As an aside does anyone know if the Hong Kong or Singapore Dollar fluctuates much and if so are they now at a good exchange rate?

Thank you for your help.


----------



## Club Scrub (29 Oct 2009)

You should check with your bank but in most cases the LINK or Cirrus system should allow you to withdraw money from ATM's in each country using your Irish ATM card. This can be very handy as you do not need to carry much cash, and also reduces the need to pre-order currencies in advance especially when you are unsure of how much you will need.


----------



## dereko1969 (29 Oct 2009)

I don't think offering US dollars or UK pounds will be much use in those countries as cash. It's either local currency or cards.

No idea on the fluctuation of either currency but I'm sure google has the answer, you could hedge by buying US dollars now but who knows where that will be in a few weeks/months.


----------



## Towger (29 Oct 2009)

Armada said:


> US dollar and sterling



I think you will find that the euro is just as good, if not better than the USD (value not dropping as fast as they can be printed!) and as for STG I would not bother. The only advantage of USD is 1 doller notes are good if you want to tip! BTW Cards are all you will need, dont carry large amounts of cash.


----------



## Armada (29 Oct 2009)

Towger said:


> I think you will find that the euro is just as good, if not better than the USD (value not dropping as fast as they can be printed!) and as for STG I would not bother. The only advantage of USD is 1 doller notes are good if you want to tip! BTW Cards are all you will need, dont carry large amounts of cash.


 

Thanks for that, No we will not be carrying large amounts of cash but sometimes it is handy. I agree about the one dollar notes for tipping.

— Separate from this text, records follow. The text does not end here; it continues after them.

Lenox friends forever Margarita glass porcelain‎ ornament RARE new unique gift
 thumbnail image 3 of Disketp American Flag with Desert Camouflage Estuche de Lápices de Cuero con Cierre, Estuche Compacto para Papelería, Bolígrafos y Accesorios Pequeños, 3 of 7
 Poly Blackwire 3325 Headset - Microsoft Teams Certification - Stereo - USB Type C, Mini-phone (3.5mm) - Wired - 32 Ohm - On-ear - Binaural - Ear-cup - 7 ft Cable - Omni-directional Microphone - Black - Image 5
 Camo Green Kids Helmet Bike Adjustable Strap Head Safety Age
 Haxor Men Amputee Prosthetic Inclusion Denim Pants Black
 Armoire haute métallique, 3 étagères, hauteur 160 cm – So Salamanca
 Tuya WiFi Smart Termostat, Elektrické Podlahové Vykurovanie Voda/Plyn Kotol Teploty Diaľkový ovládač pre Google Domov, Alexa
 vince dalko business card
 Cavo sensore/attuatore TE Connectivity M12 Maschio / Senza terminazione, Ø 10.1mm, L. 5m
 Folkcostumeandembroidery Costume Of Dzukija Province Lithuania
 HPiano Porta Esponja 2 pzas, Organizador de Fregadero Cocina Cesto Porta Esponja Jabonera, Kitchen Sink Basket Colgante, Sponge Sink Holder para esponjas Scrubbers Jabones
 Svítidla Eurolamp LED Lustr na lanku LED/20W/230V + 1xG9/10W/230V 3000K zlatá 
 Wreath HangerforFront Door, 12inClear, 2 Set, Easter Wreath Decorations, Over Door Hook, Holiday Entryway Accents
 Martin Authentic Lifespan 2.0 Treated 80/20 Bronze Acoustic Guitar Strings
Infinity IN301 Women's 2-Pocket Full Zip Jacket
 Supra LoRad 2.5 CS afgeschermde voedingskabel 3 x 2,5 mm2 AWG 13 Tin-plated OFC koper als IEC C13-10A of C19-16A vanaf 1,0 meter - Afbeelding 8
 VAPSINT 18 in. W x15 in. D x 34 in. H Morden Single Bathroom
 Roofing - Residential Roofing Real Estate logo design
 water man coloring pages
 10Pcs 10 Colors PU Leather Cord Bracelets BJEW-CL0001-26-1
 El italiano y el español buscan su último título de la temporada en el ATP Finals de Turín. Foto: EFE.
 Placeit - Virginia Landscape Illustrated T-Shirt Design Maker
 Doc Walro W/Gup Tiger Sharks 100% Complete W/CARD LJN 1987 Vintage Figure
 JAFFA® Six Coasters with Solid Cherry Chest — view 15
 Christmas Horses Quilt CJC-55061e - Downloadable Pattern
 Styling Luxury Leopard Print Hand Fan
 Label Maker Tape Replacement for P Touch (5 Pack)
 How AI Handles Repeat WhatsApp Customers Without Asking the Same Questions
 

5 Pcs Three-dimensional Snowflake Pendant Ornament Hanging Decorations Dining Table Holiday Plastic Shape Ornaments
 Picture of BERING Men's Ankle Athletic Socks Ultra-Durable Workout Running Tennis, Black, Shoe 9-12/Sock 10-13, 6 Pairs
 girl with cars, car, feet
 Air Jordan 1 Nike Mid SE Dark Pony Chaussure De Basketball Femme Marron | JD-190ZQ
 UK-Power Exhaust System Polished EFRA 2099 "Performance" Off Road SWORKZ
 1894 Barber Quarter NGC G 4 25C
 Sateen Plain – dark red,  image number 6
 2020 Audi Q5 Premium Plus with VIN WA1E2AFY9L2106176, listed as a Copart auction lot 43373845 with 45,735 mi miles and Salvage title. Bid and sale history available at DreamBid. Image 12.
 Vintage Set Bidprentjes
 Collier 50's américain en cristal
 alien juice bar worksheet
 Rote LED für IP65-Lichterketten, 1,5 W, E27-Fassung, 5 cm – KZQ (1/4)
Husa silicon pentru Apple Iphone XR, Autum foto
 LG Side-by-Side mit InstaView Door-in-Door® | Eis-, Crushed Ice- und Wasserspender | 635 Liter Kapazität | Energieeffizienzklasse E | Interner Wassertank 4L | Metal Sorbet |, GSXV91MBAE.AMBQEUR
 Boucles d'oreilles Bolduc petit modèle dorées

Hopefully the tipping culture isn't as prevalent in The East as it is in The West!


----------



## Luckycharm (30 Oct 2009)

Have not been to HOng kong but have been to the other 3 if you have cirrus atm card it works in nearly all banks so just take money out  when there as exchanging money can be alot more costlier with regarding rates/commissions.


----------



## redchariot (3 Nov 2009)

Just back from a trip to Singapore and Vietnam; I found that the best way is to withdraw Singapore Dollars from an ATM; from looking at the exchange places in hotels, side of streets etc, you were only getting at best 1.90$/€ while I was getting 2$/€ by ATM.

In Vietnam, I was amazed with the amount of people (non-Americans) who brought US$ with them as it is "easiest to use" in shops. That is nonsense, although a lot of local shops may accept US$, they will rip you off on the exchange rate; it is so easy to use the local currency, in this case the Dong which once you get your head around the exchange rate (26000Dong/€) is fine.

Six years since I was in Thailand, I brought some € traveller cheques and took ATM withdrawals as well and to be honest it was quite comparable.

Can't speak for Hong Kong or Malaysia sorry


----------